Auto-Scale Everything

FullContactMarch 23, 2016

If you’ve never received a message like this from your cloud provider, consider yourself lucky, because you will eventually:

Dear Amazon EC2 Customer,
One or more of your Amazon EC2 instances is scheduled for maintenance on 2016–01–01 for 2 hours starting at 05:00 UTC. During this time, the following instances in the us-east-1 region will be unavailable and then rebooted:

i-abcd1234

Your instance will return to normal operations after maintenance is complete.

This is essentially saying the node in question will be completely useless for two hours. Worse, AWS will sometimes notify us that our machine will be retired completely. Or, worst of all, a node might encounter an unscheduled issue. Our team maintains an infrastructure of over 500 AWS EC2 nodes, so events like this are not irregular.

To many teams, this means work for them to replace the node. Hopefully the node is provisioned with configuration management, so bringing up a replacement isn’t too difficult. But ideally, the node can be replaced automatically. This is the true beauty of auto-scaling groups (ASG).

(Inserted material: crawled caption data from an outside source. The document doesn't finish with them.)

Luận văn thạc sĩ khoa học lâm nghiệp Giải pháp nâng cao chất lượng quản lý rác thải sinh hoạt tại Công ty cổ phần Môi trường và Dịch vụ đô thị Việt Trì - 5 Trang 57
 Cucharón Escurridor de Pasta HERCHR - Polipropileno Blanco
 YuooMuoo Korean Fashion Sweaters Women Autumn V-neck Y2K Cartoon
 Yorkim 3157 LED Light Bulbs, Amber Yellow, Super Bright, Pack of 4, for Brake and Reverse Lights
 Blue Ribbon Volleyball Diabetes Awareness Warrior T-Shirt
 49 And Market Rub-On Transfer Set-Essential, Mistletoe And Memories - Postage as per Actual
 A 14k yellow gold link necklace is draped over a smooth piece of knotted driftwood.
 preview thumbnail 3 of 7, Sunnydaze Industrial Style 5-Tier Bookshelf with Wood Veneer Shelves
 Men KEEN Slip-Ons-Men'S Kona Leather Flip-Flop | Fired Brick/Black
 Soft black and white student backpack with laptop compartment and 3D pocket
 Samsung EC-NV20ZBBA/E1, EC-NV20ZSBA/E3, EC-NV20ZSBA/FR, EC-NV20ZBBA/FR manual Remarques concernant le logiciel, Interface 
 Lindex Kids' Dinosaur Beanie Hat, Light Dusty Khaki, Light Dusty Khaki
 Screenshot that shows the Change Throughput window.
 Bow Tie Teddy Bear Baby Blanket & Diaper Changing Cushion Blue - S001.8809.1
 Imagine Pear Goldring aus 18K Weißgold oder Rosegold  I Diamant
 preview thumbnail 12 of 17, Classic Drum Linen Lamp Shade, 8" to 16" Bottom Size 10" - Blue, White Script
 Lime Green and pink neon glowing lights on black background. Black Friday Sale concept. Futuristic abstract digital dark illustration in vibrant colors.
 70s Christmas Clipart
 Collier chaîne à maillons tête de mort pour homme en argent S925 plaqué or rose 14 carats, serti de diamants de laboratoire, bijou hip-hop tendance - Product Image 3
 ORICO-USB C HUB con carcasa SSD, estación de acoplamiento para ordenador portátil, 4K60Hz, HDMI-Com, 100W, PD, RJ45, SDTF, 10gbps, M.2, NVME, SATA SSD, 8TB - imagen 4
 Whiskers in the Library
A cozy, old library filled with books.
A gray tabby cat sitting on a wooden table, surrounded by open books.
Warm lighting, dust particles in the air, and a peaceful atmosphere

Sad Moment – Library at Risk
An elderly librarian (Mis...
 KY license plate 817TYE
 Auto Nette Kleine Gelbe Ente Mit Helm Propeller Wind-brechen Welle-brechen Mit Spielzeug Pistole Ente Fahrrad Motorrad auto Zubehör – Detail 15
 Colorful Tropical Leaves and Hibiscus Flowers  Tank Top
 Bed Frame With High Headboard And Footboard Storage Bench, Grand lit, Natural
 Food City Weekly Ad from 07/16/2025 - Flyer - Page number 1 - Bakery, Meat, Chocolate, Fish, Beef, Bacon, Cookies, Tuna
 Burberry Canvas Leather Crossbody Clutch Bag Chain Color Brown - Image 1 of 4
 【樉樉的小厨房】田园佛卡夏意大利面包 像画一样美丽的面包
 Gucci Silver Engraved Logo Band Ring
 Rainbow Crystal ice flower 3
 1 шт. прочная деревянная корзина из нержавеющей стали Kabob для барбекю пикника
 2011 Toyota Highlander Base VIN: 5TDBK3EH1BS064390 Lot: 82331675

Our team aspires to have every node in our infrastructure in an ASG. From data stores like Elasticsearch and Cassandra to application nodes and internal services.

Self-provisioning nodes

To facilitate our micro-service infrastructure, we use a shared image for our entire application tier. Java applications are deployed into an ASG with this image. We use Ubuntu Upstart along with AWS’s UserData to fetch dependencies and start the application. The image has everything it needs to operate in production from boot without any manual interaction. This means if a node is having issues, we can simply terminate it, and allow the ASG to bring up its replacement. Similarly, if a node goes offline on its own, the ASG will take care of it. Having a node go offline at 3:00 AM does not notify an engineer, because there is no human interaction needed.

This extends to our Elasticsearch and Cassandra clusters as well. Because of our replication settings, losing one node does not cause any loss of data. Instead, a new node quickly comes up to replace it, and the cluster redistributes data back to the new node. As an aside, the use of ASG’s here has proven doubly useful. With minor configuration changes, we can increase and decrease the sizes of our clusters and have data automatically re-balanced with the new cluster size. In fact, in the more traditional auto-scaling sense, policies can be created to change cluster size automatically as the data-set changes.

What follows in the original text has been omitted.